Kissing in America
By Margo Rabb
Harper, 2015. 391 pgs. Young Adult Fiction
Sixteen-year-old Eva Roth loves romance novels, much to the chagrin of her mother who is a women's studies professor and staunch feminist. Eva considers herself a feminist too, but ever since her father’s death she finds comfort in the predictably happy endings of romance novels. Then one day Will walks into Eva’s tutoring session, and Eva finds herself in what seems to be a romance novel come to life. Forced apart by Will’s sudden move to the West coast, Eva is determined to see him again. So, Eva and her best friend, Annie, set off on a cross country journey that will teach them about themselves and about the complexities of love.

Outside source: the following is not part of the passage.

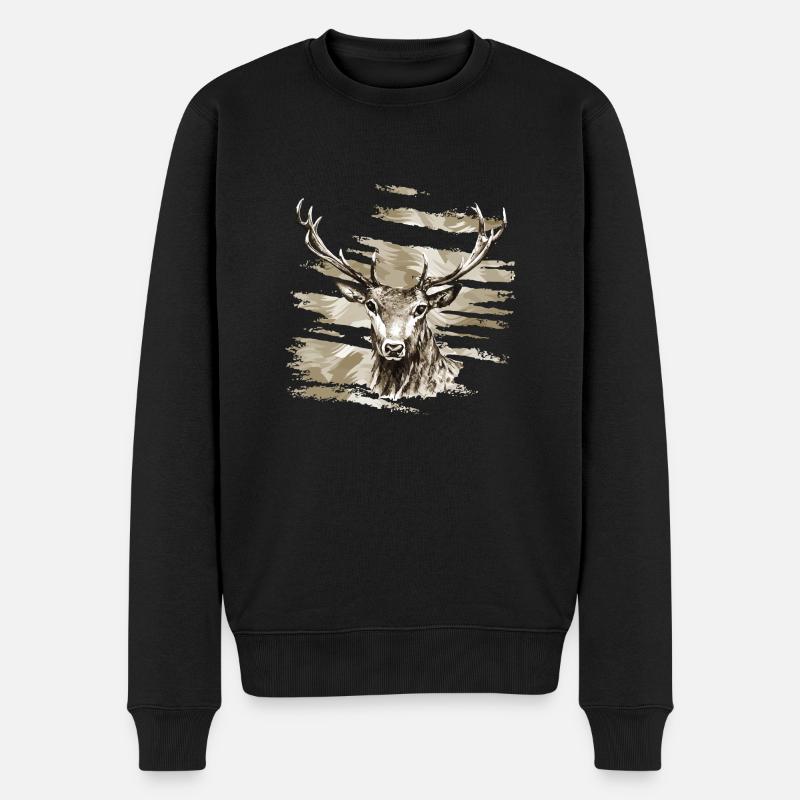 Hirsch - Männer Premium Bio Pullover - Schwarz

My favorite aspect of this book was the author’s ability to weave together so many female characters at different stages in their relationships. There’s Eva who is experiencing her first love and her mother who is contemplating a second marriage, but there’s also the secondary cast of characters who Eva and Annie meet on their journey – Eva's aunt who is afraid of relationships, the Roth's family friend who's having a baby, Eva's potential step grandmother who has been married for years, etc. I liked that Rabb brought all of these characters together to portray love in a more substantial way than I’ve seen before in YA novels. And of course, not all relationships are romantic; In the end, Eva learns just as much about her relationship with mother as she does about her relationship with Will. I thought that message was very moving, and that this was an overall great read.